View Full Version : President Mugabe Crushing Resistance

June 3rd, 2003, 03:28 PM


This is a transcript from AM. The program is broadcast around Australia at 08:00 on ABC Local Radio.


ELEANOR HALL: To Zimbabwe now where the opposition group, the Movement for Democratic Change, says the country is now in a state of war after the MDC's leader, Morgan Tsvangirai, was arrested and police fired shots and tear gas to disperse anti-Government rallies.

The confrontations, in which at least one person is reported to have been shot, have occurred at the start of five days of mass protests which the MDC had planned in an effort to drive President Robert Mugabe from power.

This report from our Africa Correspondent, Sally Sara.

SALLY SARA: Less than two hours before the protests were scheduled to begin, Zimbabwe's main opposition leader, Morgan Tsvangirai, had a visit from the police.

Five plain-clothes officers took him to Harare Central Police Station. He was questioned about his planned involvement in the demonstrations before being released. It was a bad start to a bad day for Mr Tsvangirai.

The Opposition failed in its attempt to entice millions of Zimbabweans onto the streets, to protest against President Robert Mugabe. The rallies were smothered before they even began. Thousands of police and soldiers made sure that most residents simply stayed at home.

Spokesman for President Robert Mugabe, George Charamba, says the Government has obtained a High Court order banning the demonstration.

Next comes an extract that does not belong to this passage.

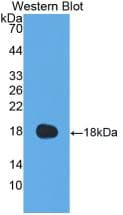 F8 / FVIII / Factor VIII Antibody (aa1669-1824)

GEORGE CHARAMBA: Yeah, what is uppermost in our mind is the fact that law and order must and will be maintained.
We have messages for the Zimbabwean people, that they, this is their country, the land we have taken is their land, and that therefore they must defend their revolution. Why would we be intimidated? This is a literal opposition party that is, that has no roots in the Zimbabwean fabric and why should one worry about it?

SALLY SARA: But the Government does appear to be worried. It's rolled out the security forces to ensure that the opposition demonstrations don't get off the ground.

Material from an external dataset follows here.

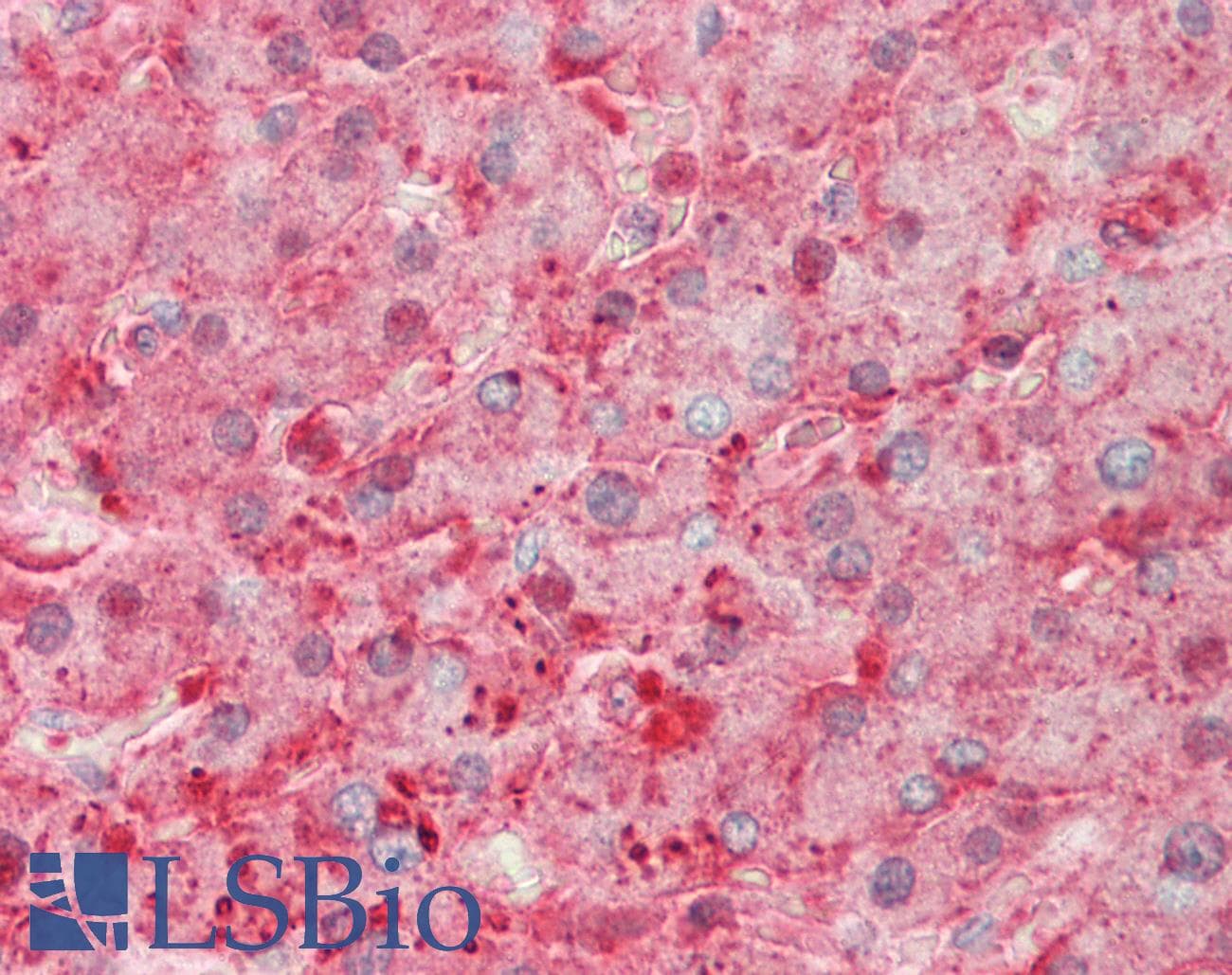 IHC-plus™ Monoclonal Mouse anti-Human SERPINA1 / Alpha 1 Antitrypsin Antibody (clone 1C2, IHC, IF, WB)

Soldiers fired tear gas and warning shots during confrontations in the capital, Harare.

Spokesman for the Opposition Movement for Democratic Change, Welshman Ncube, says the country is now in a state of war.

WELSHMAN NCUBE: Well, when you get a government employing armoured vehicles, helicopters, thousands and thousands of soldiers, thousands and thousands of policemen, all heavily armed to the teeth, against the civilian population which is not armed, surely, surely that is a risk. Demonstrating against Mugabe is a crime.

SALLY SARA: But the fight isn't over yet. The Opposition is urging Zimbabweans to stay away from work until Friday.
So far the strike has been a success for the MDC, but its promise of mass demonstrations is yet to materialise.

It's unclear whether the heavy police presence stopped the rallies, or whether people were unwilling to take to the streets anyway.
Zimbabwe is a country soaked in fear and dissent can come at a heavy price.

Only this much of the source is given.